Beginner’s Guide to LDA Topic Modelling with R

Identifying topics within unstructured text

Farren tang
Towards Data Science

--

Picture credits

Nowadays many people want to start out with Natural Language Processing(NLP). Yet they don’t know where and how to start. It might be because there are too many “guides” or “readings” available, but they don’t exactly tell you where and how to start. This article aims to give readers a step-by-step guide on how to do topic modelling using Latent Dirichlet Allocation (LDA) analysis with R.

This technique is simple and works effectively on small dataset. Hence, I would suggest this technique for people who are trying out NLP and using topic modelling for the first time.

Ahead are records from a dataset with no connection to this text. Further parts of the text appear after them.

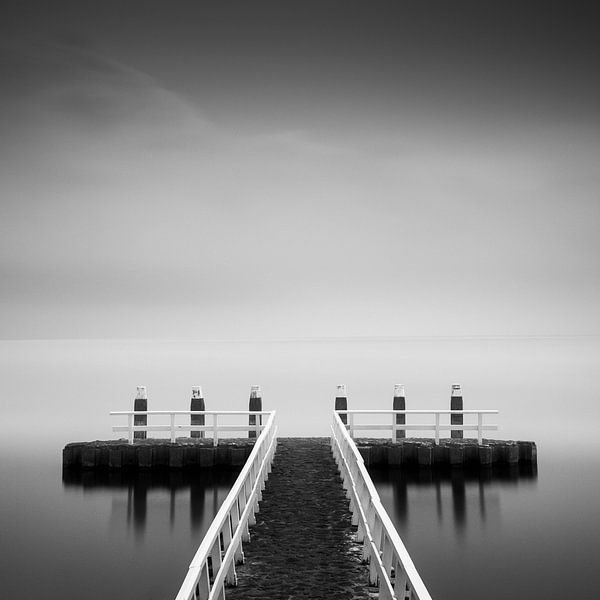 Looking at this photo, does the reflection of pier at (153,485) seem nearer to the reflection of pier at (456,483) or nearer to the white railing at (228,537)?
the white railing at (228,537)

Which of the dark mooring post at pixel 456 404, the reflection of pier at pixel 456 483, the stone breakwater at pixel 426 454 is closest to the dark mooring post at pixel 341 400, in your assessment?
the stone breakwater at pixel 426 454

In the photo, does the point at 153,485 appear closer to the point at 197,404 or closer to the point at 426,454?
the point at 197,404

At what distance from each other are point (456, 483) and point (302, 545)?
8541 mm

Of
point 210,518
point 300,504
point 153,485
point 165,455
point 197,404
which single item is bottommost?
point 210,518

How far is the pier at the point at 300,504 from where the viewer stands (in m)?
8.48

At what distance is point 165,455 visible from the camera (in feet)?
63.1

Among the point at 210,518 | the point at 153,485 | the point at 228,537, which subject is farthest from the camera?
the point at 153,485

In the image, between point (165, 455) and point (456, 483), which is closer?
point (456, 483)

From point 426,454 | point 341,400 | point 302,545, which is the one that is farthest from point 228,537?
point 341,400

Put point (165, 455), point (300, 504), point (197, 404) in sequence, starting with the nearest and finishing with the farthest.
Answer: point (300, 504) < point (165, 455) < point (197, 404)

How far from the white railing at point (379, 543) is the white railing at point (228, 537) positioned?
5.14ft

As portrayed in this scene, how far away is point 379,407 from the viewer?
147 ft

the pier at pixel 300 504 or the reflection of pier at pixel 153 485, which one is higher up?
the pier at pixel 300 504

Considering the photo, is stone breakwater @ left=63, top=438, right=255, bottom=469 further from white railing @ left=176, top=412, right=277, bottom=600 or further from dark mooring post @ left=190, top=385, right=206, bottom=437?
white railing @ left=176, top=412, right=277, bottom=600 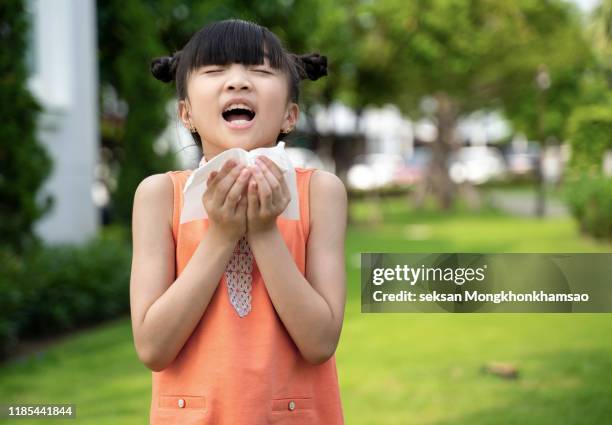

What is topic modelling? In layman terms, topic modelling is trying to find similar topics across different documents, and trying to group different words together, such that each topic will consist of words with similar meanings. An analogy that I often like to give is — when you have a story book that is torn into different pages. After you try to run a topic modelling algorithm, you should be able to come up with various topics such that each topic would consist of words from each chapter. Otherwise, you may simply just use sentiment analysis — positive or negative review.

In machine learning and natural language processing, a topic model is a type of statistical model for discovering the abstract “topics” that occur in a collection of documents. - wikipedia

After a formal introduction to topic modelling, the remaining part of the article will describe a step by step process on how to go about topic modeling. It is made up of 4 parts: loading of data, pre-processing of data, building the model and visualisation of the words in a topic.

As mentioned above, I will be using LDA model, a probabilistic model that assigns word a probabilistic score of the most probable topic that it could be potentially belong to. I will skip the technical explanation of LDA as there are many write-ups available.(Eg: Here) Not to worry, I will explain all terminologies if I am using it.

  1. Loading of data

The dataset we will be using for simplicity purpose will be the first 5000 rows of twitter sentiments data from kaggle. For our model, we do not need to have labelled data. All we need is a text column that we want to create topics from and a set of unique id. There was initially 18 columns and 13000 rows of data, but we will just be using the text and id columns.

data <- fread(“~/Sentiment.csv”)
#looking at top 5000 rows
data <- data %>% select(text,id) %>% head(5000)
Dataframe after selecting the relevant columns for analysis

2. Pre-processing

As we observe from the text, there are many tweets which consist of irrelevant information: such as RT, the twitter handle, punctuation, stopwords (and, or the, etc) and numbers. These will add unnecessary noise to our dataset which we need to remove during the pre-processing stage.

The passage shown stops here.